The Reserve Bank of India has flagged the risk building up in retail loan portfolios of banks and NBFCs on various occasions; the latest being during the October monetary policy announcement when Governor Shaktikanta Das asked lenders to strengthen internal checks to establish safeguards. Thursday’s move by the central bank to increase risk weights on certain consumer loans and on bank lending to NBFCs appears primarily aimed at reining in the growth in unsecured consumption loans.

The credit growth in recent months has been skewed towards retail borrowers and services. Credit to industry grew just 6 per cent in August 2023, with all big industries, excluding textiles and basic metals, witnessing slow credit growth. On the other hand, retail loans grew 18 per cent in this period, with credit card loans registering a scorching 30 per cent growth. Personal loans, at ₹48-lakh crore account for 31 per cent of total bank credit now. Of this, the unsecured portion accounts for roughly ₹15-lakh crore, or around one third.

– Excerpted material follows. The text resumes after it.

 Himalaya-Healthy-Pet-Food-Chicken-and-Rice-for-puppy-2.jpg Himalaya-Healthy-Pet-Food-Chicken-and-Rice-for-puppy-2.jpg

Competition in retail lending is leading to sharp practices, including evergreening of the retail loan book — or hiding the stress faced by these borrowers due to the fast-paced interest rate increases since last May. The central bank is, therefore, justified in trying to arrest risky loans by increasing the cost of borrowing. While the central bank is right in checking lenders from taking excessive risks to chase profits, it needs to be mindful about the negative impact of this move on consumption. With private investments showing no signs of revival, curbing consumption by increasing financing cost may not be conducive for growth. The increase in risk weights should, therefore, be reviewed at frequent intervals. .

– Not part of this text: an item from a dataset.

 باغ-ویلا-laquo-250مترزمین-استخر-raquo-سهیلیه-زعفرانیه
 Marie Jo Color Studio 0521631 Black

The increase in risk weights on unsecured consumer loans and credit card receivables of commercial banks and NBFCs by 25 per cent and the increase in the weight for loans extended to NBFCs by scheduled commercial banks by 25 per cent are expected to have a higher impact on NBFCs than banks. With most banks having comfortable capital, the impact of higher provisioning may not impact their lending ability. But the move will constrain the lending capacity of NBFCs since they will be impacted on the borrowing as well as lending side. With both banks and NBFCs likely to hike interest rates to protect their margins, cost of finance is likely to move higher, deterring borrowers of unsecured loans.

It is good that retail loans backed by collateral such as housing, vehicle or gold loans and essential loans such as education loans, micro finance and SHG loans have been kept out of the ambit of the move. But the expenditure spurred by personal loans and credit card loans such as travel, entertainment, meeting medical exigencies or to spend on family functions also contributes to economic output. These loans are needed by small borrowers to bridge income shortfall. The increase in risk-weights should, therefore, not become a lasting feature.